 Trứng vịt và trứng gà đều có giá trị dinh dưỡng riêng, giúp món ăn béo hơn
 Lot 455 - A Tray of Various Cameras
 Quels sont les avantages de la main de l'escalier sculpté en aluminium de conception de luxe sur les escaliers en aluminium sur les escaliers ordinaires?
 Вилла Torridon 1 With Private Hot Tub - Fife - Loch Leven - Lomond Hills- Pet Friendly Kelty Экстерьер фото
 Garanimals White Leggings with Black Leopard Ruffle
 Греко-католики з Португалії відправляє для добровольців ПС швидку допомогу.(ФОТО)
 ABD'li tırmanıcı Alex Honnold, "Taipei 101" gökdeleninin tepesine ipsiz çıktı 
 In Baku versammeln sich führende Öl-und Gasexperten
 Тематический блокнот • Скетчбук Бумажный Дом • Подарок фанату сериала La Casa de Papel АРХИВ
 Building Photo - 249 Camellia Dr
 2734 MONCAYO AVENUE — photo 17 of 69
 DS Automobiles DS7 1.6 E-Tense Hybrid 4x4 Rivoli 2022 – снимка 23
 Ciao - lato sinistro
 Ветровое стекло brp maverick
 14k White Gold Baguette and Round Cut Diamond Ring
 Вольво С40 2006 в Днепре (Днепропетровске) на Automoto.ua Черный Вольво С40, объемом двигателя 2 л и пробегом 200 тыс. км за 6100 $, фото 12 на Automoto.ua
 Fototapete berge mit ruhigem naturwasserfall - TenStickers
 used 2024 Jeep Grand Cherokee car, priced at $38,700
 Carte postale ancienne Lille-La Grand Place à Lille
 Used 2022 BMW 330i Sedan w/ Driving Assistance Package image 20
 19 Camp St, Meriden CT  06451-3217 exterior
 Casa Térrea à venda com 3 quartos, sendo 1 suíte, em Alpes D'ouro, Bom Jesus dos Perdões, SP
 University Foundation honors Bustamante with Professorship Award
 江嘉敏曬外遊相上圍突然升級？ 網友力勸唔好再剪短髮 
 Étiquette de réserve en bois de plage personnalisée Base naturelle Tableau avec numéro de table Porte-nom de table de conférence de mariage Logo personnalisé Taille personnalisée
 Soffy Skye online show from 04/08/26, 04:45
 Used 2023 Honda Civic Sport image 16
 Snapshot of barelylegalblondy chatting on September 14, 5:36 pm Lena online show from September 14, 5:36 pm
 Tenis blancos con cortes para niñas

§ **YOUR ASSIGNMENT**
Beginning at the top of the records above, transcribe each line exactly up to and including the line that holds "Garanimals White Leggings".

§ **THE ANSWER**
 Trứng vịt và trứng gà đều có giá trị dinh dưỡng riêng, giúp món ăn béo hơn
 Lot 455 - A Tray of Various Cameras
 Quels sont les avantages de la main de l'escalier sculpté en aluminium de conception de luxe sur les escaliers en aluminium sur les escaliers ordinaires?
 Вилла Torridon 1 With Private Hot Tub - Fife - Loch Leven - Lomond Hills- Pet Friendly Kelty Экстерьер фото
 Garanimals White Leggings with Black Leopard Ruffle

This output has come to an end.